Oleg Ivanovich Teryokhin (Олег Иванович Терёхин; born 12 August 1970 ) is a Russian football coach and a former player.

==Honours==
- Russian Premier League runner-up: 2000.
- Russian Premier League bronze: 1997.
- Russian Cup winner: 2000, 2001, 2004.
- All-time top scorer for FC Dynamo Moscow in the Russian Premier League: 67 goals.
- Top 33 players year-end list: 1997, 1998, 1999.

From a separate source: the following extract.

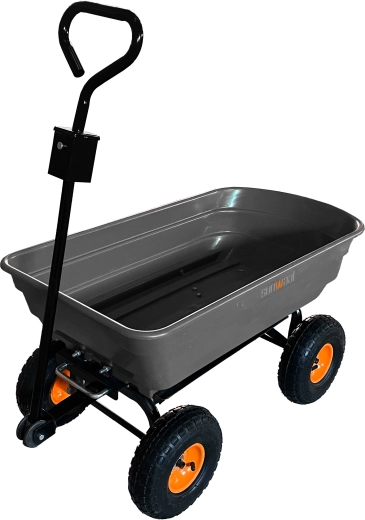 MalTec chariot de jardin avec benne basculante 75 l, 300 kg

- The only player to score at least 100 goals in both Russian Premier League and Russian First Division.
- Russian First League Zone Center top scorer: 1992 (27 goals).

==International career==
Teryokhin played his only game for Russia on 23 September 1998 in a friendly against Spain.